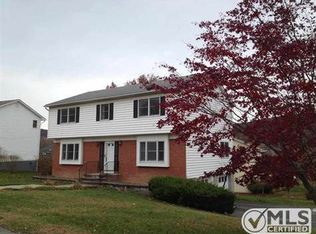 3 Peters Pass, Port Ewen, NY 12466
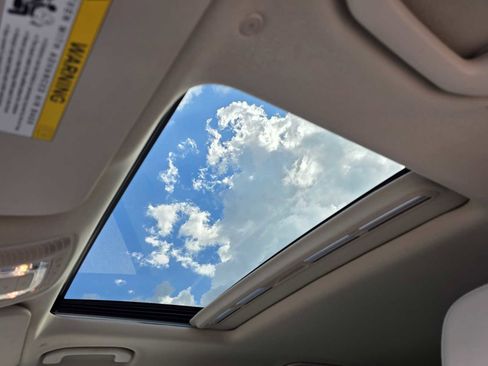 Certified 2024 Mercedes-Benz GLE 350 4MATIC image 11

■ ■ ■ ■

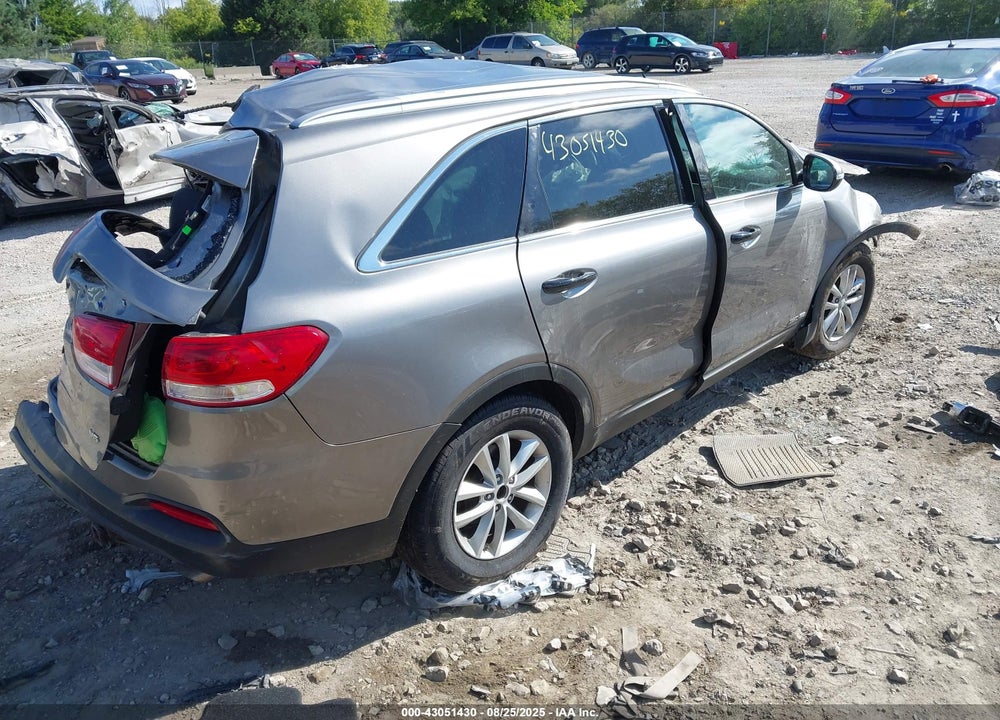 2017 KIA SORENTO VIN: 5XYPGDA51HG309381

■ ■ ■ ■

**What you are asked to do:**
In the records above, find the line containing "3 Peters Pass, Port Ewen, NY 12466" and the line containing "Certified 2024 Mercedes-Benz", then give both of them again word for word along with every line between. Omit any pictures.

**Solved exercise:**
 3 Peters Pass, Port Ewen, NY 12466
 Certified 2024 Mercedes-Benz GLE 350 4MATIC image 11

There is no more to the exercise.